DATASET EXTRACT:
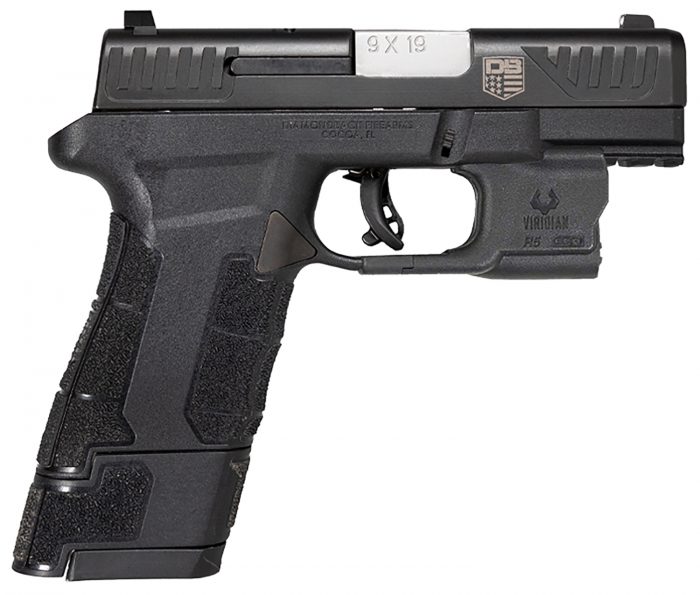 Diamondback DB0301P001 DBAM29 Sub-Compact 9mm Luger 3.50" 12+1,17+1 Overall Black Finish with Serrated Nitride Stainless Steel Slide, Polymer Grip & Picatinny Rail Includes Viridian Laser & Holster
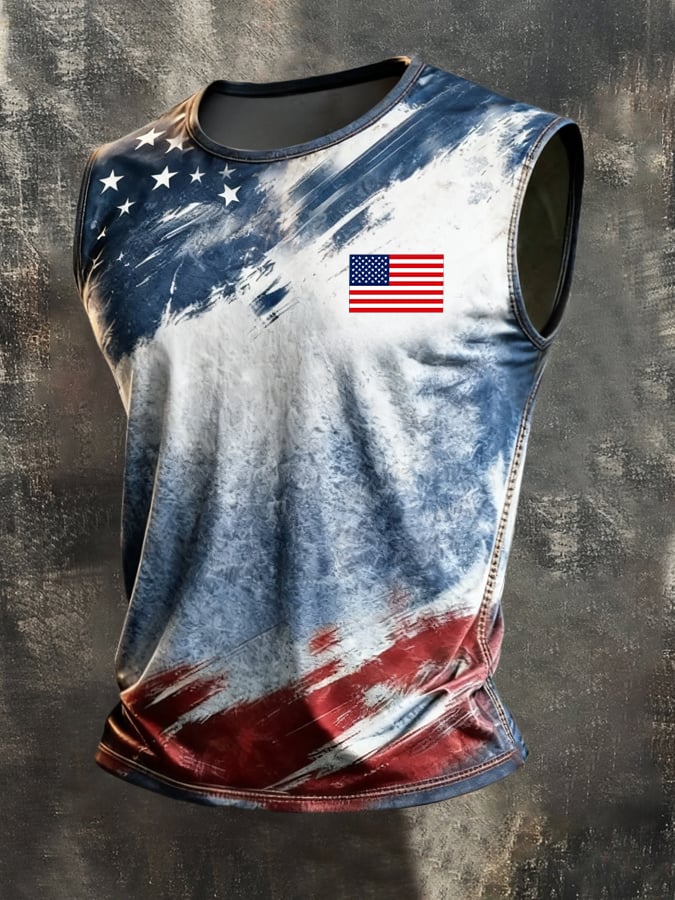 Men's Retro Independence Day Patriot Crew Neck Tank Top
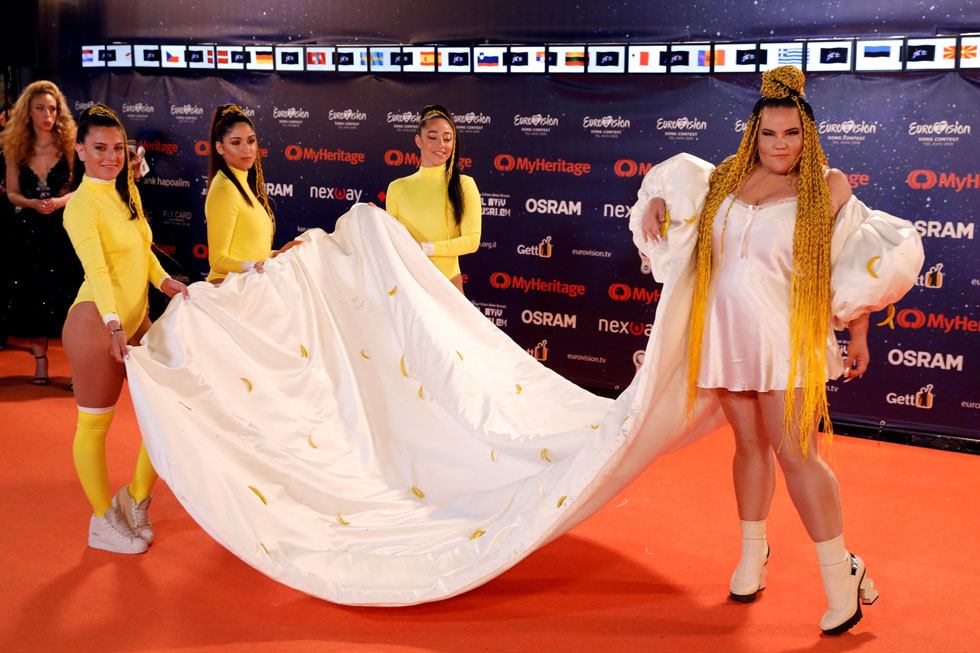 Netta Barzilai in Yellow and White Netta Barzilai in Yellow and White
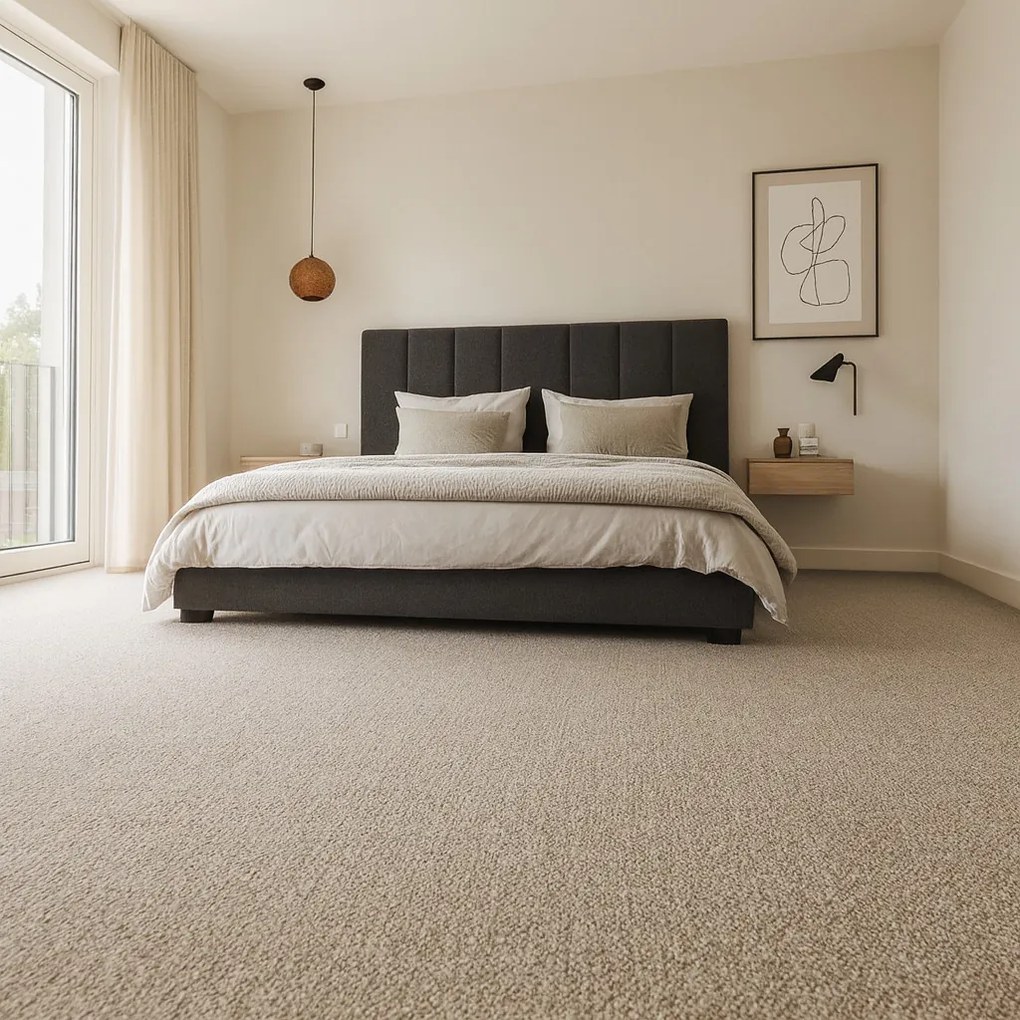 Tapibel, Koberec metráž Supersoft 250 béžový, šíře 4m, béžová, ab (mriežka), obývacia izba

REQUIRED WORK:
In your copy of the listing, please omit the pictures and keep every word exact.

ANSWER FOR THIS EXERCISE:
 Diamondback DB0301P001 DBAM29 Sub-Compact 9mm Luger 3.50" 12+1,17+1 Overall Black Finish with Serrated Nitride Stainless Steel Slide, Polymer Grip & Picatinny Rail Includes Viridian Laser & Holster
 Men's Retro Independence Day Patriot Crew Neck Tank Top
 Netta Barzilai in Yellow and White Netta Barzilai in Yellow and White
 Tapibel, Koberec metráž Supersoft 250 béžový, šíře 4m, béžová, ab (mriežka), obývacia izba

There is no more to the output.